RECURSO DE SENTENÇA. CÍVEL. INDENIZAÇÃO POR DANOS MORAIS E MATERIAIS POR DANOS POR COBRANÇA INDEVIDA DE ANUIDADE DE CONSELHO DE CLASSE. IRREGULARIDADE NA COBRANÇA NÃO COMPROVADA. RECURSO NÃO PROVIDO.

RELATÓRIO

Trata-se de recurso interposto pela parte autora em face da sentença na qual se julgou improcedente o pedido inicial. A lide versa sobre a o cancelamento de cobrança de anuidades de conselho profissional, no caso, o Conselho Regional de Administração de São Paulo CRA/SP, com bem como ao pagamento de indenização por danos materiais e morais por cobrança indevida.
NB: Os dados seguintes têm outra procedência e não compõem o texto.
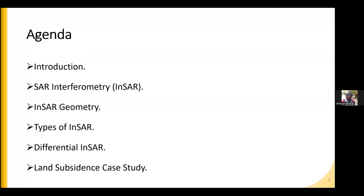I will give a description about what is SAR interferometry, how the techniques work, how the measurements of the distance between satellite and Earth surface are calculated using SAR interferometry by describing the inside geometry, and the types of interferometry including the special type called differential interferometry. Then I will give a brief land subsidence case that I studied during my PhD within the United Arab Emirates.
Insurge-se o Recorrente, aduz que a cobrança das anuidades de 2016 a 2020 são indevidas, pois exerce atividade em outro estado desde 2008, mesma data na qual solicitou cancelamento da inscrição junto ao CRA/SP. Alega ainda que houve violação da Lei geral de proteção de dados pois o recorrente não estaria mais vinculado ao órgão de classe desde 2008, sendo ilegal a utilização dados e cobrança efetuadas em 2021. Reitera o pedido de condenação do réu ao pagamento de danos morais e materiais.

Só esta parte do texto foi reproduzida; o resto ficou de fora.